In my last blog, I considered whether Barak Obama is megalomaniacal, focusing on a now enacted Congressional bill purporting to grant Obama's manikin Treasury Secretary, Timothy "If-You-Understand-Me-I-Must-Not-Be-Obfuscating-Enough" Geithner near plenary power to establish salaries for the employees of any company receiving federal TARP money. Part 2 addresses the related question whether His Lowness may fire at will corporate directors and executives whenever he gets in the mood. For this issue I enlist the help of Robert Reich, the twenty-second United States Secretary of Labor serving under President Bill Clinton from 1993 to 1997, a graduate of Dartmouth College, a former Harvard University professor and former Maurice B. Hexter Professor of Social and Economic Policy at the Heller School for Social Policy and Management at Brandeis University and current professor at the University of California, Berkeley's Goldman School of Public Policy. In other words, a typical right-wing partisan hack. Robert's assessment, in his own words:

"Tim Geithner said on Sunday's Face the Nation that the Treasury might fire the heads of big banks that depend on financing from the federal government, just as it summarily deposed Rick Wagoner, the former CEO of General Motors -- and before Wagoner, the heads of AIG, Fannie Mae, and Freddie Mac. "Where that requires a change in management and the board, then we will do that," said Geithner.

"I suppose it's comforting to know our government stands ready to fire corporate executives and directors whenever taxpayer money is on the line. But I suspect Geithner's new tough line is mostly designed to reassure a public that's lost all faith in the wisdom of bailing out Wall Street.

"For the sake of the argument, assume he's sincere. What criterion will an axe-wielding Geithner be using? If precipitous loss of shareholder value is enough to "require a change in management and the board," presumably every CEO and director of every big bank now being bailed out should be fired, starting with Ken Lewis of Bank of America.


"If the criterion is diversion of taxpayer money to uses other than Congress intended when it first authorized the $700 billion bailout, the list of soon-to-be-fired CEOs is a bit shorter but still large. Surely it includes all the bailed-out banks that continue to fly their executives around the world in company jets, award them extraordinary pay packages, and run junkets at fancy resorts. Citigroup's Vikram Pandit (who collected $38.2 million for his taxpayer-subsidized services in 2008) comes immediately to mind.

"Why stop there? Perhaps Geithner intends to fire executives and directors of any company that's dependent on taxpayers and is now losing money. Just think of the corporate house-cleaning this will mean. Hundreds of agribusiness executives are now at risk as are scores of military contractors. Hell, the whole pharmaceutical industry depends on taxpayer support (research subsidized by National Institutes of Health, sales subsidized through Medicare and Medicaid), and it's doing badly, so their executives and directors will be gone soon, too.


"All told, about one out of every five large American companies depends on government contracts, and a majority of these firms are losing money right now. So ... off with their heads." (Courtesy of http://www.huffingtonpost.com/ - yes I find Ms. Huffington attractive in a Zsa Zsa "Dawn-of the-Dead" Gabor kind of way. . . .)

Off with their heads indeed.

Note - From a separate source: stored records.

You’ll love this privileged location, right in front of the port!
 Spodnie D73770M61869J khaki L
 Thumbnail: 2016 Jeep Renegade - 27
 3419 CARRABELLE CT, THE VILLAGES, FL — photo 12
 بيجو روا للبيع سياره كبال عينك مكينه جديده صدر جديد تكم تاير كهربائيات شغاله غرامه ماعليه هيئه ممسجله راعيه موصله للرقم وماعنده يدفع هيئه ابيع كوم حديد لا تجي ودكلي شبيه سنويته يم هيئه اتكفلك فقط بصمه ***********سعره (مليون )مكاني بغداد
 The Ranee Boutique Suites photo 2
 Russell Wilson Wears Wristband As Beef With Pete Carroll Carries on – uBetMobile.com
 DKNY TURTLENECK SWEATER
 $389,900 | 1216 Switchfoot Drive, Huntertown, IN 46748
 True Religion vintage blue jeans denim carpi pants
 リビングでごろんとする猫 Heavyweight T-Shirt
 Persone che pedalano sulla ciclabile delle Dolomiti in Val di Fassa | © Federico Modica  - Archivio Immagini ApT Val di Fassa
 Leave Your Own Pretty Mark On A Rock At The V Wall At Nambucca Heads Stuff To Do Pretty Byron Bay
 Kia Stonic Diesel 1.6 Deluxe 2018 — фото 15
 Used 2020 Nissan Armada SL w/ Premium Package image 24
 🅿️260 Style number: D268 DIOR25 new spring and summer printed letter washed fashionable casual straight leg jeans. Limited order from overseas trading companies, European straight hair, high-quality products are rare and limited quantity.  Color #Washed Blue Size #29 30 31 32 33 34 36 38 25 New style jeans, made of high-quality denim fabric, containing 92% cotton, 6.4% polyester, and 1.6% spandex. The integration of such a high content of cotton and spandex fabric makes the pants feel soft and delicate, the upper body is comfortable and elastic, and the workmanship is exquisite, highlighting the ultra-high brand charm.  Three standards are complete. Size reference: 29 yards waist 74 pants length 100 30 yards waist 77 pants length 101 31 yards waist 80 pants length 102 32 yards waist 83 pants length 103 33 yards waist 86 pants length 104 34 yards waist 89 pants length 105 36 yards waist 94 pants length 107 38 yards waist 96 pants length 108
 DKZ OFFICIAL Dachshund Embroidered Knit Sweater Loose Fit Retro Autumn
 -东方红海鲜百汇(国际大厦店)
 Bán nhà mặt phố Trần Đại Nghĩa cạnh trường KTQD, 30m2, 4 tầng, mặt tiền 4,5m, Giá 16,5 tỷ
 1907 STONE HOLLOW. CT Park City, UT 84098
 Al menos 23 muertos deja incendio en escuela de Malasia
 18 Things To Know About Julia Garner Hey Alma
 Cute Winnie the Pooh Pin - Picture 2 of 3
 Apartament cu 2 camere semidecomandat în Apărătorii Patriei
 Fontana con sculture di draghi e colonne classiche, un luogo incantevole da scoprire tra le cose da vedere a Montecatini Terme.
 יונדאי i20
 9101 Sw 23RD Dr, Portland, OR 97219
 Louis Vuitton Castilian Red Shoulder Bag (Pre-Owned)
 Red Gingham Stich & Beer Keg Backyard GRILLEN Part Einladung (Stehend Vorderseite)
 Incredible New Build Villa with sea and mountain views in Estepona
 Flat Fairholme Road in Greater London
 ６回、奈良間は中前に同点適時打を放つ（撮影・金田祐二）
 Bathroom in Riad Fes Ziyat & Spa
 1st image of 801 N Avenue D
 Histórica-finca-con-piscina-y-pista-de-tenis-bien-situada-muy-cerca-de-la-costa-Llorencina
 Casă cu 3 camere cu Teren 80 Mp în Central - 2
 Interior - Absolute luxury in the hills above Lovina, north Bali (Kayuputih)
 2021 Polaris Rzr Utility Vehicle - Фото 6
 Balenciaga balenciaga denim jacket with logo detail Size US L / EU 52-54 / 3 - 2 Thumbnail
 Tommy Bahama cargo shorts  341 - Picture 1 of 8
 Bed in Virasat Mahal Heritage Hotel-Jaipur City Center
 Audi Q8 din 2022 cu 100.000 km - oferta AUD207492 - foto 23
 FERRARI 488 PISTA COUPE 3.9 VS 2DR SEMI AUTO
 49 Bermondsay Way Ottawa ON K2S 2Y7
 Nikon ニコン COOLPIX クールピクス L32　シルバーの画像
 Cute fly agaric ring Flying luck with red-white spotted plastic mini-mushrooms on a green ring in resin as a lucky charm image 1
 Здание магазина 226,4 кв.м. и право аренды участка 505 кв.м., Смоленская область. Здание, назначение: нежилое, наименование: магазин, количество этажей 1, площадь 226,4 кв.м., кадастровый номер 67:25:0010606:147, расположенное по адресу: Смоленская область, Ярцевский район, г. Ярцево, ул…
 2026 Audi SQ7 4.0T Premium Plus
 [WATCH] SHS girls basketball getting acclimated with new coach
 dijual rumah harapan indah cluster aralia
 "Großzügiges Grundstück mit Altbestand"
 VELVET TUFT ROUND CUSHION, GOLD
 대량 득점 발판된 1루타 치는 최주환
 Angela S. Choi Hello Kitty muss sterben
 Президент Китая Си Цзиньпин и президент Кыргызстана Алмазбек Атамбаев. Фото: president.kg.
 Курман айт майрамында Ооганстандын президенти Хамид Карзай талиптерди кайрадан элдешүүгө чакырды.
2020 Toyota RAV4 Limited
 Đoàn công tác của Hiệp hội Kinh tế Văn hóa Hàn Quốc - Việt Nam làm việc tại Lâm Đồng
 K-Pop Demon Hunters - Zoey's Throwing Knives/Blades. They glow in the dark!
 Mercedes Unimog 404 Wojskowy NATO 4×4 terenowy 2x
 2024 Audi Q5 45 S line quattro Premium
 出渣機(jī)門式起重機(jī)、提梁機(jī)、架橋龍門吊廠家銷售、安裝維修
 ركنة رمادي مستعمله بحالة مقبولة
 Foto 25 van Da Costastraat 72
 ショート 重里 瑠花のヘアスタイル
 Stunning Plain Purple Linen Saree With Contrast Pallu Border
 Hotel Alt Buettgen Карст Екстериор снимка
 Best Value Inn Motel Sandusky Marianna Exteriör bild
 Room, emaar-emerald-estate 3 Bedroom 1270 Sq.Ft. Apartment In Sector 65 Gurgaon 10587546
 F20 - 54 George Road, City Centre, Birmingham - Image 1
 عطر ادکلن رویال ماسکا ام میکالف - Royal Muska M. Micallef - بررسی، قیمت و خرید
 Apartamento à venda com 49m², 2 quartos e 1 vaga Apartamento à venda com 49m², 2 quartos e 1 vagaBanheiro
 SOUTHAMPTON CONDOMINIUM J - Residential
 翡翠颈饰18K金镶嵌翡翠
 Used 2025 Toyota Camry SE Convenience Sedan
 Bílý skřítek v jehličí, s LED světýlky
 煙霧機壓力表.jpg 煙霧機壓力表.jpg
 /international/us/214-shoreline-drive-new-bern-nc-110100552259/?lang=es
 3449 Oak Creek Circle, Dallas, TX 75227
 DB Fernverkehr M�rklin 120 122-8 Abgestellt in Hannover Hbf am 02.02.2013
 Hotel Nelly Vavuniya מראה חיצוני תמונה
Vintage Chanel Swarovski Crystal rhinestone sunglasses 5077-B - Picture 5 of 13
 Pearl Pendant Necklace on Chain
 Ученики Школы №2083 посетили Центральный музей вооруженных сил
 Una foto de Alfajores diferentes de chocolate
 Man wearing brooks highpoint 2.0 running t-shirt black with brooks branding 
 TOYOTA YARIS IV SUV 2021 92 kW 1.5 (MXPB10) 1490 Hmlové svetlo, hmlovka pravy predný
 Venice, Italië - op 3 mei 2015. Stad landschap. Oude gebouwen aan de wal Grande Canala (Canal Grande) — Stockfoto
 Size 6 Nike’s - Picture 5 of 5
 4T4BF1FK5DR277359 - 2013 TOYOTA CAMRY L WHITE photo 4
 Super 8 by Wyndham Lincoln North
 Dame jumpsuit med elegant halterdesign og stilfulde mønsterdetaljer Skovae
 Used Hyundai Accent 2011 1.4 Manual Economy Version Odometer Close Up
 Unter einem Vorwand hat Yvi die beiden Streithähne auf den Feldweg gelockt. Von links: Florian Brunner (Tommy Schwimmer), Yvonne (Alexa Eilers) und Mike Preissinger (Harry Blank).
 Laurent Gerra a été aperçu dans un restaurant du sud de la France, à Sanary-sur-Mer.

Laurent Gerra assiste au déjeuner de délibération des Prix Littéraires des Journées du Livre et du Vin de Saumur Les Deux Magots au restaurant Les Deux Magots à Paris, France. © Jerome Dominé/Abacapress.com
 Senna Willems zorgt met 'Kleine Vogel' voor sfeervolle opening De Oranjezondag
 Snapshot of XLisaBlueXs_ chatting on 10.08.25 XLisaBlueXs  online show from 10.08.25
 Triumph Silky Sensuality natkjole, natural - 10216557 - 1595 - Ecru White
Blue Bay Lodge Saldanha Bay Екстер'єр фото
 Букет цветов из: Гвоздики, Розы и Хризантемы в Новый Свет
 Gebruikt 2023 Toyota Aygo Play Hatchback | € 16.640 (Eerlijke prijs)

Having demonstrated - again - both its lunacy and its current lock-step with Field Marshallette Pelosi and her red-line to the White House, it's only a matter of time before Congress resorts to the invincible Commerce Clause of the U.S. Constitution (Article III, Section 8, for those of you who think I'm making this up) to find a financial link to the federal government for virtually every business entity in the country - including yours. Off with your head, anyone?